Qlik Optimization Techniques

Qlik Optimization Techniques

Patrick McCaffrey
Practice Director, Business Analytics 
John Daniel Associates, Inc.
Patrick’s Profile

We have previously discussed some ways to optimize our Qlik applications. If you would like to review that post you may find it here

I would like to expand this post with some new ideas and techniques for whenever you run into a large and complex application.

First, let’s set the stage for what we are talking about.

What is a large application? When we implemented this technique, we had an application with more than 180 million records in it.

What is a complex application? A complex application has many tabs, charts, expressions, and big formulas utilizing Set Analysis and IF statements when required. For example, we have an initial Dashboard Tab that has 48 expressions on it.

Summarize Data – Document Chain to Transactional Data

Typically in applications like these, there are transactional lines of information. Users want this level of information for those “just in case” scenarios. As a result, applications are tasked with carrying additional lines of information thus hurting their overall performance. Rather than holding this information, it would be best to move away from the transactional view and instead summarize data in a daily view. The daily view will give you access to a “Details” sheet which would allow for ad-hoc report building.

When the selections get to a manageable data row count (50,000?), allow a button to appear on the page. That button will provide a Document Chain path to another application carrying just the ad-hoc report sheet, but with all of the transactional data. This method grants users the ability to drill down into the transactional data without negatively impacting the performance of the main application.

Remove “Link” Tables for Multiple Facts

When an application has multiple fact tables, some developers will implement a “link” table. This shared dimensionality will give you a single table that the Fact Tables connect to via a key. The problem with this step is that it creates a new table for selections to go through, increasing filtering time.

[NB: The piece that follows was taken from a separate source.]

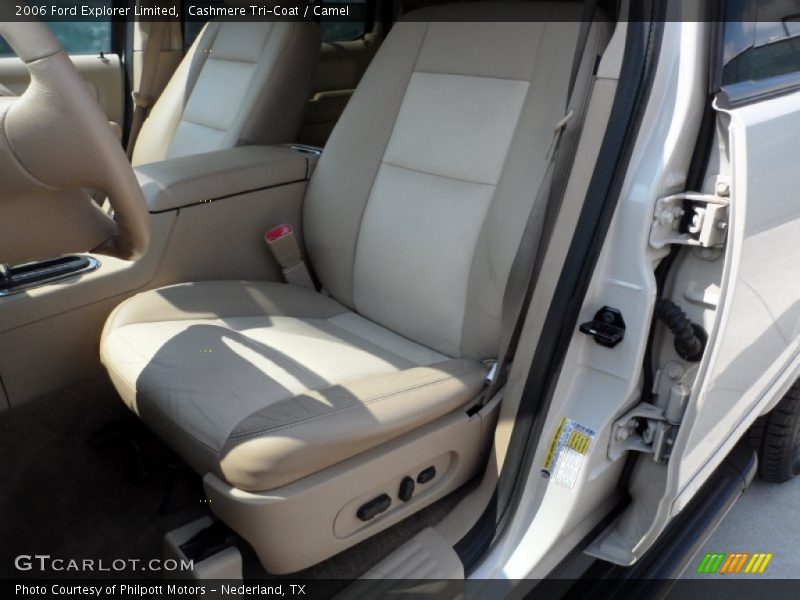 Cashmere Tri-Coat / Camel 2006 Ford Explorer Limited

Instead of creating a “link” table, concatenate the fact tables together to create one large table. Even if some fields are unique, the other tables will show a null value in their rows. We have seen a 50% performance boost when we combined 4 fact tables together and removed the “link” table.

Review Server Resources

This is a bit of a rehash from the last optimization topic. It’s extremely important to have server resources that match the application(s) you have on it. The answer isn’t always more RAM, though. When you have a very complex application that has a lot of calculations to go through, a more powerful CPU can positively influence your performance. So when reviewing your server performance, keep an eye on your CPU just as much as your RAM.